The recent debate surrounding the essay “Conjugal Friendship” by Giacomo Sanfilippo has yet again reminded me of a the importance of dialogue surrounding sexual minorities in the Orthodox Church. I’m not an expert in the theology of Florensky so I will leave the theological particulars to Sanfilippo and other theologians. I do have experience though in how the Church discusses sexual minorities and interacts with the LGBT community. I have read a few critiques and seen several posts by Orthodox writers and clergy reacting to the post on “Conjugal Friendship.” Most seem to be reading into his essay or assuming the worst about it and lamenting what they see as just another attack on the Church’s steadfast commitment to the traditional sacrament of marriage. I would like to take this opportunity to offer a few reflections on how we as a Church can better discuss the various paths available to sexual minorities within the Church rather than Sanfilippo’s specific content or that of his critics.

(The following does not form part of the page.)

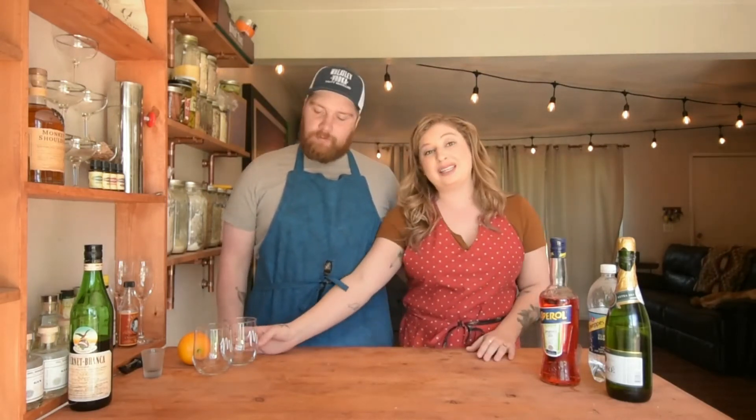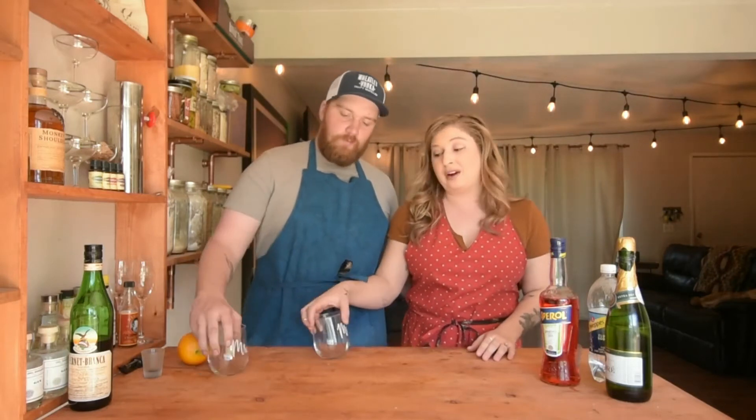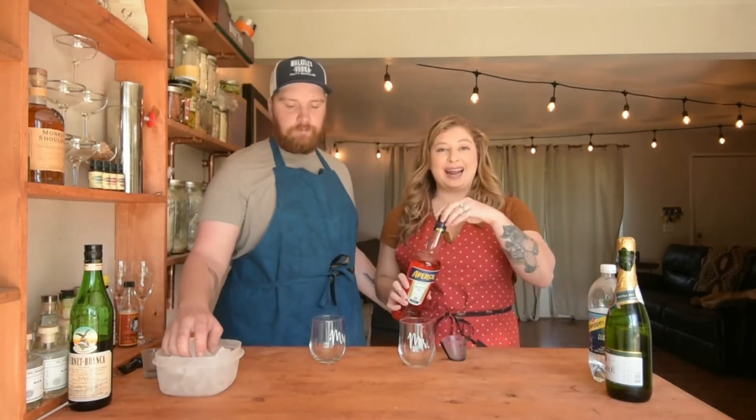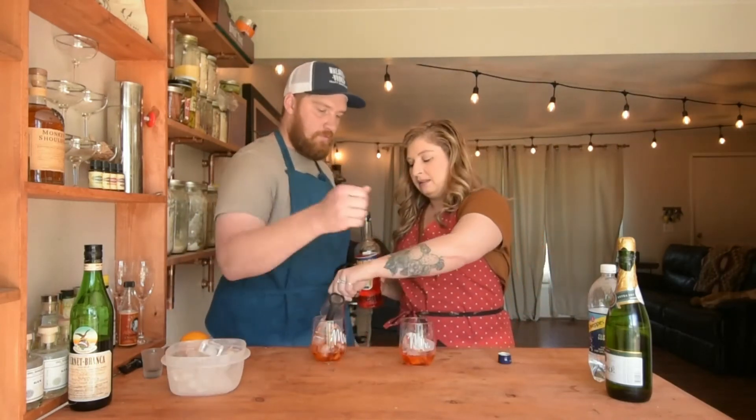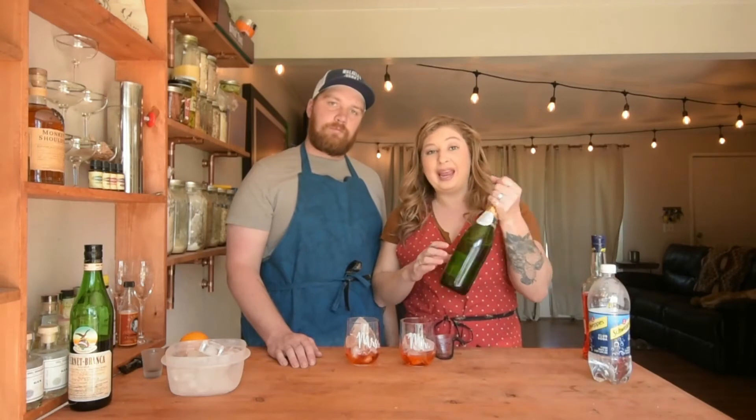I'm going to share with you one of my personal favorites: the Aperol Spritz. You're gonna build this in your glass — no need for an extra shaker or fine glass. This is our Aperol, which is an aperitif. We're gonna use an ounce and a half, then two ounces of champagne or Prosecco, whatever bubbly wine you have.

What I took away from Sanfilippo’s essay was less the specific arguments or case he makes for developing an Orthodox theology of Same-Sex love, and more the fact that he is attempting to find paths of living for sexual minorities within the church. As both a gay man and an Eastern Orthodox Christian, I wrestle daily to try and figure out what I am called by my church to surrender and to give up. I am constantly reminded of all that I am asked to forsake at the Church’s request of fidelity to its, and my own, understanding of same-sex sexual expressions. I don’t need to be reminded that the path my heart most naturally is inclined towards, that of pursuing a husband and a family in a same-sex partnership, is not available to me. I don’t need to be reminded that I am called daily towards chastity and celibacy and to remain steadfast in following all that the Church teaches related to sexual intimacy. I know these things all too well and those battles within my heart rage continually. I need no reminders of these battles or allegiances.
What I do need however, and what I think attempts like Sanfilippo’s are grasping at, is an idea of what exactly I am called to as a gay Orthodox Christian. My life must be about more than forsaking romantic relationships, refraining from sex, and fidelity to the Church’s teachings. I need to walk with people who are more educated in the life of the Church and more knowledgeable of God to help me figure out just what I can do with these circumstances I have found myself in. I need to try and understand how I am able to find a place in the Church where I am able to flourish and become more than a reminder of all that we are asked to give up for the sake of Christ. By embracing celibacy in light of my sexual orientation I must be embracing more than the absence of sex. What exactly can I do with my life and my love within the Church? How can my love be a good gift to God? Like all of humankind I possess desires for connection, intimacy, and love. These human traits are part of how I reflect my creator God who formed us out of love for a purpose. What pathways and avenues are open to me to express these God-given desires in ways that are pleasing to God and His Church?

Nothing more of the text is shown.